Running it produced the following graph:




Impressive. Let me explain what's going on.

x = 1:10; y = rand(10); # These are the plotting data

This bit of code creates two bits of data, one is called x and the other y. x is given the value of a range of numbers from 1 to 10, while y is given a range of 10 pseudo-random numbers (each will have a value between 0 and 1). So, we have the basis of a graph here: an x-axis that ranges from 1 to 10 and y values for each of the points on the x axis.

The next bit is easy.

plot(x,y, label="my label")

This code calls a function to plot the graph and all we do is give it the x and y values - and, as an extra, we've give it a label, too.

Real data

That was easy but, course, we really want to visualize some real data.

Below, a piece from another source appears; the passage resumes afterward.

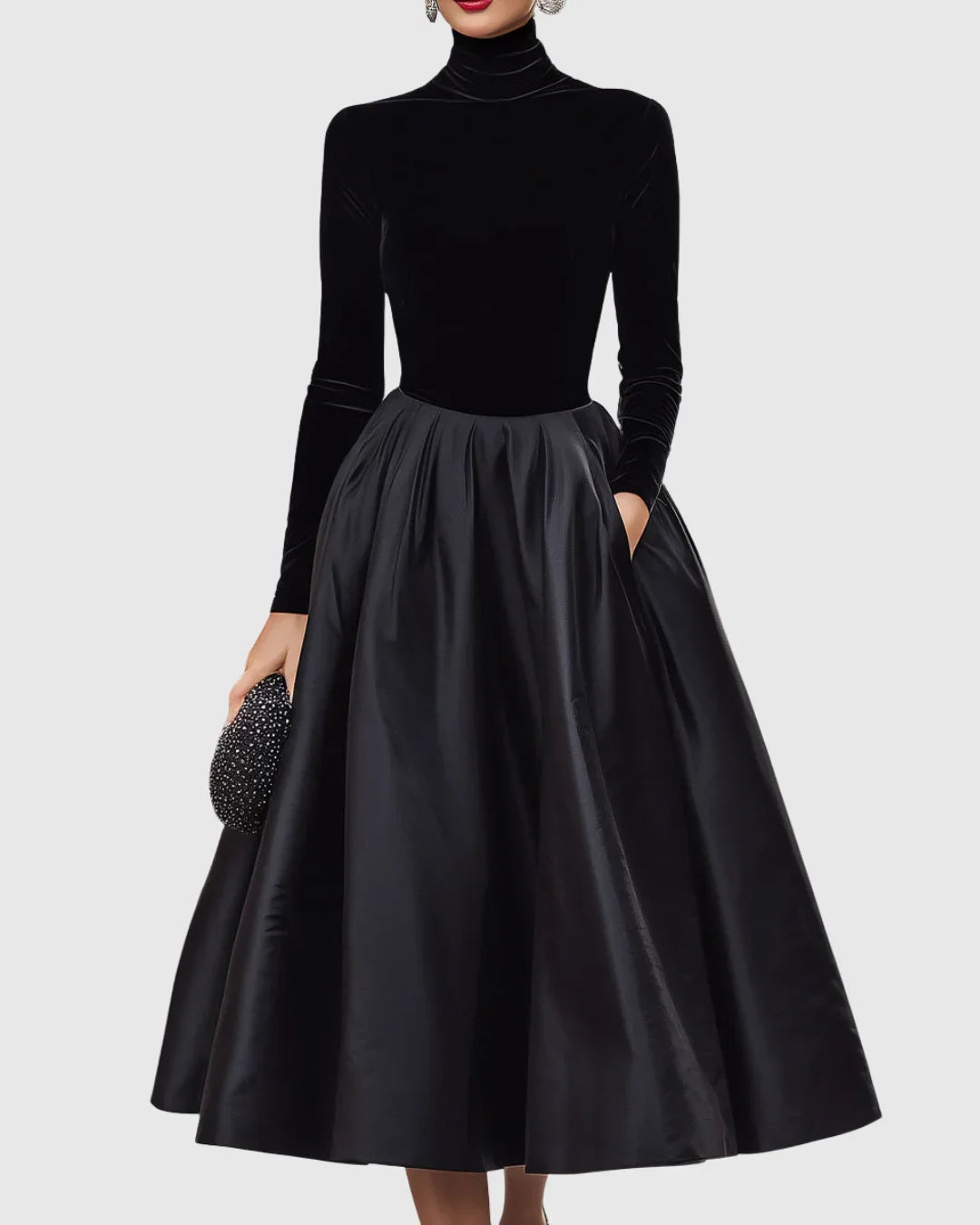 Ruth | Polished Turtleneck Winter Wedding Guest Midi Dress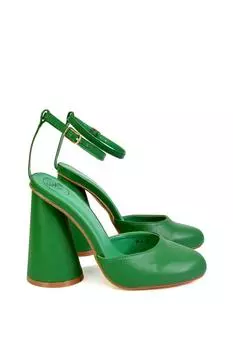 Эффектный каблук с блоком цилиндров и ремешком на щиколотке Ekin XY London, зеленый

I have a couple of tables that I have used for other articles. It's a set of data about the weather in London, UK, over the last few decades. I derived it from public tables provided by the UK Met Office.

The data records the maximum temperature, minimum temperature, rainfall and hours of sunshine recorded in each month. I have two files, one is the complete data set and the other is for 2018, only. They are in CSV format, such as you might import into a spreadsheet.

To deal with these files we need another library that allows us to read CSV files.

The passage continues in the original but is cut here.